On our last day in Vienna, we followed a walking tour through Wieden, the city’s fourth district. A little less touristy, the area shows the side of Vienna that sprouted up after 1900 vs. the older historic city center.
After filling up on apple pancakes at Heindl’s Schmarren and Palatschinkenkuchl, a classic Viennese diner, we walked through Stadtpark. The 28-acre park opened in 1862, becoming Vienna’s first public park. A few locals spent a lazy Saturday morning sitting around the pond reading newspapers and feeding the pigeons. We did a loop, then headed north toward the Danube River.
The Kunst Haus features some of the graphic works of 20th-century artist Friedensreich Hundertwasser. But the outside with its funky curves, patterns and colors are really where Hundertwasser shines. Often compared to Spanish architect Antoni Gaudí (whose works we saw in Barcelona), his masterpiece is located just down the street.
Hundertwasserhaus was built using designs suggested by the artist and contains 53 apartments as well as four office spaces. The floors are undulating, providing what Hudertwasser called a “divine melody to the feet.” The roofs are covered in soil and grass. Some of the homes have trees growing inside with limbs winding out of the windows.

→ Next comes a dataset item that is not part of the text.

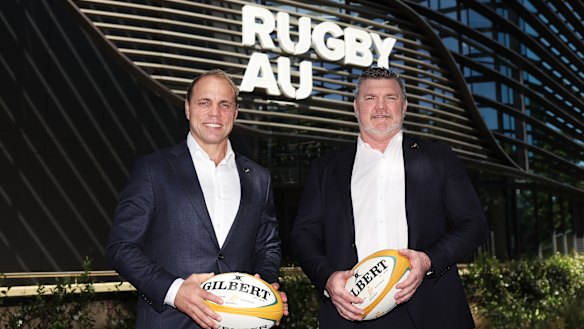 Phil Waugh and Daniel Herbert have Australian rugby in strong financial shape.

We ate lunch in Arenbergpark under the shadow of a flak tower. The concrete anti-aircraft towers were built by the Third Reich during Germany’s World War II occupation of Vienna. Russian forces attempted to demolish the towers following the war, but the potential damage to nearby residences forced them to abandon the plan. Today they’re considered historic monuments. Kids played soccer on a small field nearby, the towers absorbed into the background of the park.
We grabbed a quick dessert at Cafe Neunteufl, a very local konditorei, then continued into Schwarzenbergplatz. The public square has a large monument celebrating the 17,000 Soviet soldiers who were killed in the liberation of Vienna at the end of World War II. The monument is still divisive as the post-war occupation of the Soviets was difficult for many Viennese. Yet, as recently as 2011, the city has paid for major refurbishments to the memorial.
Just up the street from the memorial, we entered the gates of the Belvedere palace complex (pictured above). Built during the Habsburg dynasty around the same time as Schönbrunn Palace, the grounds feature a long courtyard with two impressive Baroque palaces—the Lower Belvedere and Upper Belvedere—at either end.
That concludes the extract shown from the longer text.